*** PROVIDED DATA ***

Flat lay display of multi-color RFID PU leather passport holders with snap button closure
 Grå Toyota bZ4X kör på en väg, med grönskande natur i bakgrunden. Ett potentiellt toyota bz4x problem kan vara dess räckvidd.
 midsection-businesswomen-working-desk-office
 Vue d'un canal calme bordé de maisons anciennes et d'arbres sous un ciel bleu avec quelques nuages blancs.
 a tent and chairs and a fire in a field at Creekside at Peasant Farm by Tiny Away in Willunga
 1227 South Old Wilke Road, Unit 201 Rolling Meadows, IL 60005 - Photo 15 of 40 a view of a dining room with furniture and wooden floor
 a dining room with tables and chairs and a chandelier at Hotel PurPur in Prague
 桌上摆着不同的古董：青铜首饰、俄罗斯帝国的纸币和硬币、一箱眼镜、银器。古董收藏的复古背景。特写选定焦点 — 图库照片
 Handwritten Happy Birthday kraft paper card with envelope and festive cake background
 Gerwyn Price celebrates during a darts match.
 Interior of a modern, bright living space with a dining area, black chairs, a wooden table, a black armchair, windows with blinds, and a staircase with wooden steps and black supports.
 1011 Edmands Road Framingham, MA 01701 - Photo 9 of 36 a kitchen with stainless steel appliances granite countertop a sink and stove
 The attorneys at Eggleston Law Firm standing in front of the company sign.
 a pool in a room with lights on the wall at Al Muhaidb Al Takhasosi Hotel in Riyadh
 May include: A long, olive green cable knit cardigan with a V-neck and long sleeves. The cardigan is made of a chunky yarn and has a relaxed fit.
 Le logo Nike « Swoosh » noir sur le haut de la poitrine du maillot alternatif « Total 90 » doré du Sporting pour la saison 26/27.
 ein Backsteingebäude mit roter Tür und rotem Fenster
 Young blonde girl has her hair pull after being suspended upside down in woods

*** End of PROVIDED DATA ***

REQUIRED WORK:
Reproduce each entry above exactly, keeping every character.

RESPONSE TO THE EXERCISE:
Flat lay display of multi-color RFID PU leather passport holders with snap button closure
 Grå Toyota bZ4X kör på en väg, med grönskande natur i bakgrunden. Ett potentiellt toyota bz4x problem kan vara dess räckvidd.
 midsection-businesswomen-working-desk-office
 Vue d'un canal calme bordé de maisons anciennes et d'arbres sous un ciel bleu avec quelques nuages blancs.
 a tent and chairs and a fire in a field at Creekside at Peasant Farm by Tiny Away in Willunga
 1227 South Old Wilke Road, Unit 201 Rolling Meadows, IL 60005 - Photo 15 of 40 a view of a dining room with furniture and wooden floor
 a dining room with tables and chairs and a chandelier at Hotel PurPur in Prague
 桌上摆着不同的古董：青铜首饰、俄罗斯帝国的纸币和硬币、一箱眼镜、银器。古董收藏的复古背景。特写选定焦点 — 图库照片
 Handwritten Happy Birthday kraft paper card with envelope and festive cake background
 Gerwyn Price celebrates during a darts match.
 Interior of a modern, bright living space with a dining area, black chairs, a wooden table, a black armchair, windows with blinds, and a staircase with wooden steps and black supports.
 1011 Edmands Road Framingham, MA 01701 - Photo 9 of 36 a kitchen with stainless steel appliances granite countertop a sink and stove
 The attorneys at Eggleston Law Firm standing in front of the company sign.
 a pool in a room with lights on the wall at Al Muhaidb Al Takhasosi Hotel in Riyadh
 May include: A long, olive green cable knit cardigan with a V-neck and long sleeves. The cardigan is made of a chunky yarn and has a relaxed fit.
 Le logo Nike « Swoosh » noir sur le haut de la poitrine du maillot alternatif « Total 90 » doré du Sporting pour la saison 26/27.
 ein Backsteingebäude mit roter Tür und rotem Fenster
 Young blonde girl has her hair pull after being suspended upside down in woods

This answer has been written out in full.